Beyond the post-Soviet Study Group, “Myth, Symbol, Brand”, lecture
13 November 2021, 17:00
BERLIN, COLLABORATIONS, ARCHIVE
This fifth meeting of the group opens a new cycle – Myth, Symbol, Brand. It focuses on the notion of myth in the context of the USSR and the so-called “post-Soviet space”.
As understood in anthropology, myth provides a narrative structure and a coherence to the history of a given community. In the Soviet Union, myths served as a means of both building and explaining reality to those who believed – or were forced to believe – in it.
Contributing to what Hannah Arendt called “ideological fiction”, myths communicated complex ideas through a galaxy of symbols in a simplified and spectacular way. After the collapse of the USSR and the decay of its mythological system, unexpected symbolic syncretisms, often mixing the Soviet, the national, the folkloric, the religious, and the capitalist, came to the fore.
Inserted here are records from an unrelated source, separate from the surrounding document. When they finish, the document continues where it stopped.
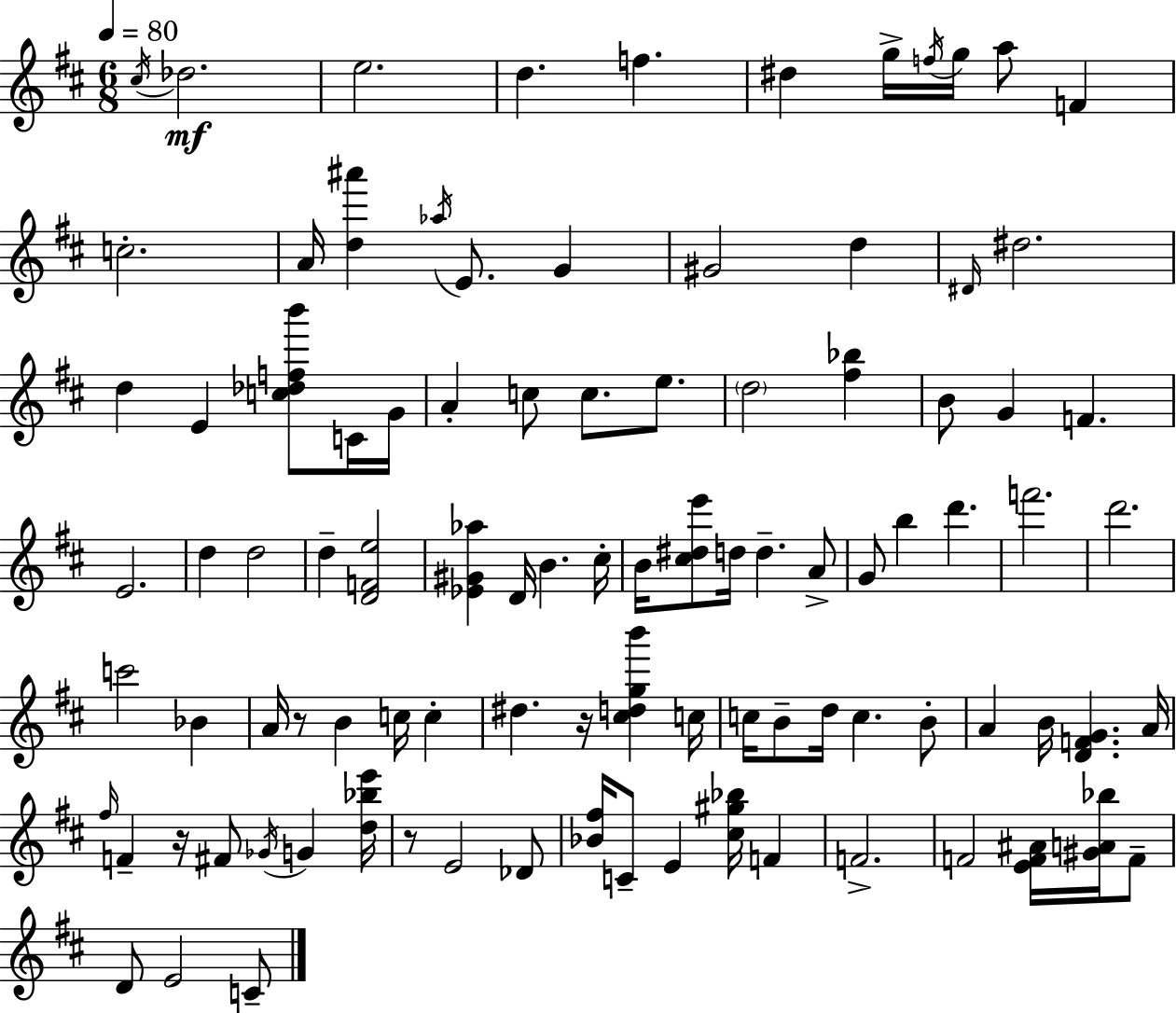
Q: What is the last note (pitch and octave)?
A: C4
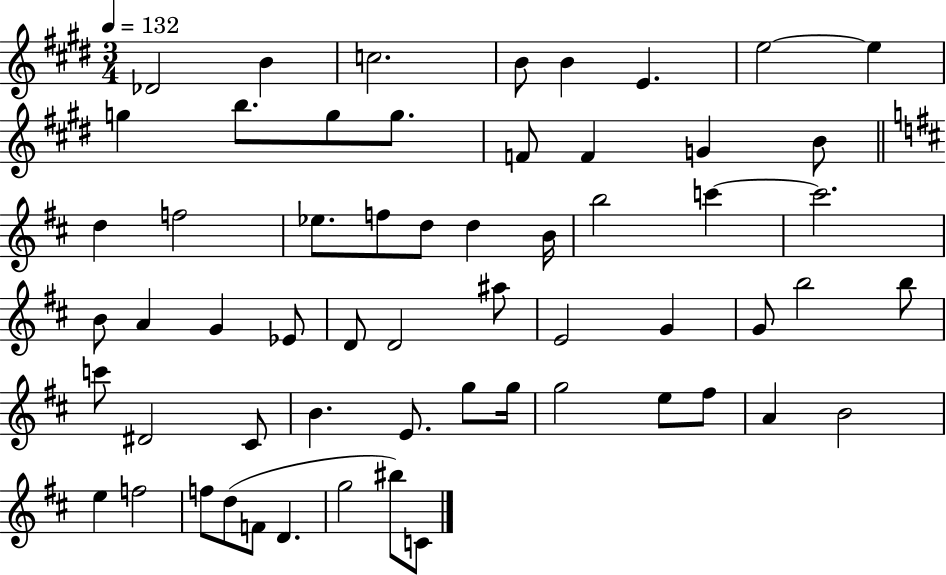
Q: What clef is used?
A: treble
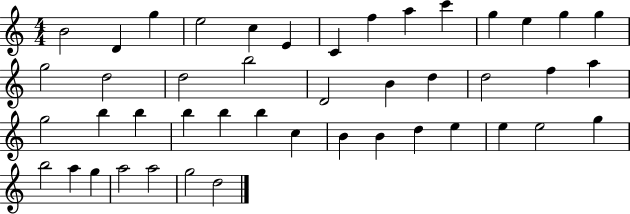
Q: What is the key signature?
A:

In between rejection and nostalgia, their usage in nation branding became symptomatic to some countries in a search of identity and a place in post-Soviet Europe.
Collective Reading and discussion around Symbols and Legitimacy in Soviet Politics ( Cambridge University Press, 2011) by Graeme Gill.
Screening of Ukrainians: The People Who Couldn’t Go Home by Nikolay Karabinovych and discussion with the artist.